In March 2023, I became the inaugural executive director of the Transnational Villages Network, also known as Red de Pueblos Transnacionales. The organization is an umbrella for different grassroots collectives led by indigenous and rural immigrant groups living in New York City. It includes an indigenous interpreters collective representing over 10 indigenous languages, a School for Peace, Health and Justice, teaching ancestral traditions and knowledge, a women’s group focusing on gender justice, an advocacy group working with the Mexican Consulate, a news outlet for immigrants by immigrants, we also have arts, and cultural programming, as well as presentations on immigration, mental health and social work services. Each year, we bring families and organizations from across Latin America together for our New York Tlan festival, for a celebration of their projects. My daytoday is a little bit of everything.
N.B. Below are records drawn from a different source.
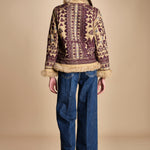 giacca ricamata con montone SANDORA JACKET CAMEL antik batik 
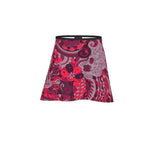 Pena Flared Mini Skater Skirt Kaleidoscopic Paisley Floral Abstract Retro Red Dark Flower Power Plus Size Handmade in England Quilted 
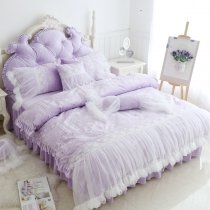 Sophisticated Elegant Lavender Purple Shabby Chic Victorian Lace Flannel Romantic Feminine Twin, Full, Queen Size Bedding Sets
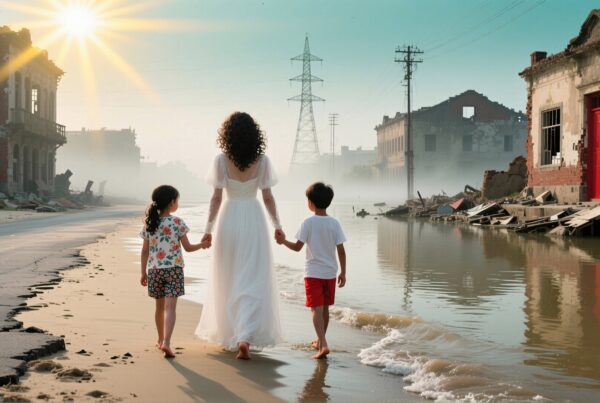 A woman and two children walk along a flooded, sunlit street between ruined buildings, capturing a scene of resilience and hope.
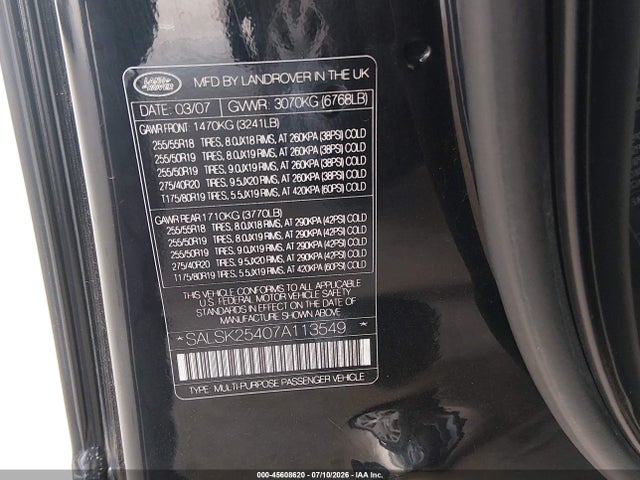 Продаж на аукціоні авто 2007 Land Rover Range Rover Sport Hse, vin: SALSK25407A113549, номер лоту: 45608620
A lot of what I've been doing over the past six months is putting systems in place to make the organization sustainable: setting up human resources, formalizing hiring practices, creating an employee handbook, building Salesforce, and hiring our first full-time social worker. The first year, we decided that we're going to focus on institutionalizing a lot of the existing processes, in order to become more proactive and less reactive, it involves talking to our community members a lot. It’s important to listen to them, to get a feel for what's going on in their immediate environment and how that's going to play a larger role in our programming, and to figure out the ways we can best respond to what their needs are. Our community members are about 90% women, their children and occasionally their partners on their day off.

What impact do you hope to make through your career and/or organization?

I hope to be able to empower people, especially immigrant women, to encourage them to go out in spite of their limitations and have an impact in their communities. I grew up undocumented in New York City, I was able to accomplish many things because I had a community who believed in me and was supportive when I needed it. The biggest impact I could have on someone and on the organization itself would be to create a sustainable system of support for other people that can eventually multiply.

What might your next move be?

As an inaugural executive director, I think that five years might be ample time to create good systems and to pave the way for a successor to come in and help the organization grow. That’s my goal. I think it’s important to think about how what I’m doing can be transferable to another person from the very beginning. Just the way that I’ve transitioned into this position from what I was doing before part-time. It's definitely part of my thought process when doing a lot of the systematizing of the organization. After that, I’m drawn to consulting and teaching.